In 2011, I went to the Gathering in Seattle. Neil came along too. We'd always wanted to take the Amtrak Empire Builder from Seattle to Chicago via Glacier National Park, so this was a crime of opportunity. Again, I attended the planned events but ate dinners with Neil. By then I knew a few people from classes and from online interaction, but I still felt self-conscious and uncertain asking to join a social group for lunch, for example. There is always a lot of talk about how friendly and welcoming everyone is at the Gathering, but I never found it so.

The best time I had at a Gathering was the last one I went to, in Houston. A lot of the local chapter members, now my good friends, attended. It was the first time I had a posse of my own, the first time I always knew who I'd eat lunch with. I actually felt a bit guilty for not trying harder to make new friends, and I did make a conscious effort to interact with people who seemed to be alone and a bit lost. But it was wonderful to sit in the lobby with a group of people who I felt very comfortable with during breaks. It made all the difference.

Still, I doubt I'll ever go to another Gathering. It's expensive for one thing. For the last two years and for the foreseeable future, Las Vegas is now the permanent location. For economic reasons, it is now paired with the much larger Glass Craft Expo. If I go again, it would only be to have a booth at the expo. And I'd only do that if I had a buddy to share the space with.

There are a lot of things I'd have done or would do if I had a buddy. I would have gone to Bead Camp. I might have gone to the big bead shows in Tucson and in Wisconsin. I'd definitely be in Asheville right now. And the thing is, I know if I went alone, it might be hard walking in that first day, but I'd almost definitely get past the discomfort and have fun. I'm quite sure I'd have a good time in the long run.

But mobilizing to go, there's the rub. It gives me so much anxiety that I talk myself out of it. I say it costs too much, I tell myself (and this is true) that there are plenty of bead makers out there who never go to a single class or group event and are perfectly happy to just work on their craft.

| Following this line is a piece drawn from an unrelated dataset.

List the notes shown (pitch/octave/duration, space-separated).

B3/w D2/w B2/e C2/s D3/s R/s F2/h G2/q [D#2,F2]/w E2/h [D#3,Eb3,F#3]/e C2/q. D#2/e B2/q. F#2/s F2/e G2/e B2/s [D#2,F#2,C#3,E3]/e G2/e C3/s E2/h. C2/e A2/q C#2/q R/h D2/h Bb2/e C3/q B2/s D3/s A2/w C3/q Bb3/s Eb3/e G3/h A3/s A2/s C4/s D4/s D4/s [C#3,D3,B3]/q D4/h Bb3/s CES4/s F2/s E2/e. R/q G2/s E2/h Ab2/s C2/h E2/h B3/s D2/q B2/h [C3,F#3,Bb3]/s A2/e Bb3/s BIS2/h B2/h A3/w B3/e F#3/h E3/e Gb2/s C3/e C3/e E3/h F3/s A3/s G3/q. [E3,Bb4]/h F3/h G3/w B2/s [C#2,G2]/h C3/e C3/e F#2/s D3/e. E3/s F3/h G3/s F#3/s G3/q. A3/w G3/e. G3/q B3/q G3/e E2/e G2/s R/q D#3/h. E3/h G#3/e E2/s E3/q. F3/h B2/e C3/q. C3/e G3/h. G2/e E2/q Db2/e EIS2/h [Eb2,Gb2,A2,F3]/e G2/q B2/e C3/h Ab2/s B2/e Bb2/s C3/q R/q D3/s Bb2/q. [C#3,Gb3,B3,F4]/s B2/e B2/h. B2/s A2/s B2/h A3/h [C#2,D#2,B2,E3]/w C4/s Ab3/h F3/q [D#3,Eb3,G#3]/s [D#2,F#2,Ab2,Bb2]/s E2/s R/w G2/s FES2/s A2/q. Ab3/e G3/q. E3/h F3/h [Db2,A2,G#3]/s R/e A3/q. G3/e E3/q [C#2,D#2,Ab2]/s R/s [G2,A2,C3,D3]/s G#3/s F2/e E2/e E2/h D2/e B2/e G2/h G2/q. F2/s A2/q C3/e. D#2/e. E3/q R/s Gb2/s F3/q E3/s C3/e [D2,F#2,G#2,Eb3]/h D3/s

I'm not alone at being a loner.

It's not hopeless though. High school doesn't have to be forever. I've put my name down for the next retreat in Asheville, in the fall, and I'm determined to go.

What's the worst that could happen? If I don't have a great time, well, it's just a weekend. There'll be another one.

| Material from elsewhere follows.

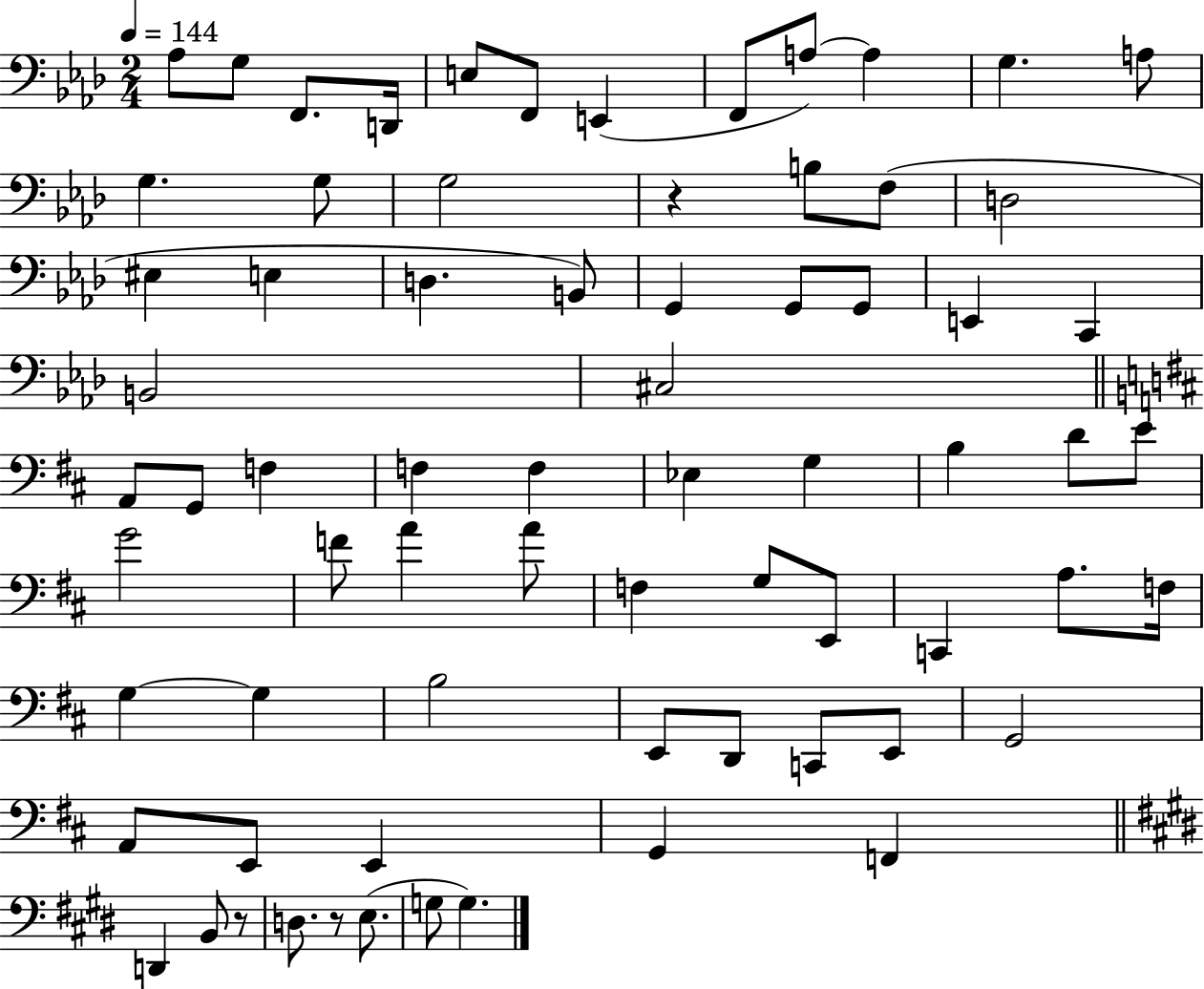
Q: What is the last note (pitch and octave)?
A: G3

I haven't a reason, a clue or a sign
I haven't the slightest idea
Of the shape of your heart or the state of your mind
Do you ever let anyone near
Do you ever reach out with arms open wide
Do you ever jump in closing your eyes
Or are you one of the fortunate kind
Alone but not lonely

Every day on the street I study their faces
The ones who rush on through the crowd
Towards their own quiet worlds, their separate places
Somewhere I'm never allowed
'Cause I've always been one to say what I need
And then the next thing it's done and I'm watching 'em leave
And I'm thinking, I wish I could be
Alone but not lonely

So which one are you tonight
Do you change with the morning light
Do you say more than what sounds right
Do you say what you mean?

There are moments in time that are meant to be held
Like fragile, breakable things
There are others that pass us, you can't even tell
Such is their grace and their speed
And this one is gone in the blink of an eye
You can ask me the truth but tonight I will lie
Unflinching I'll tell you that I'm alone but not lonely.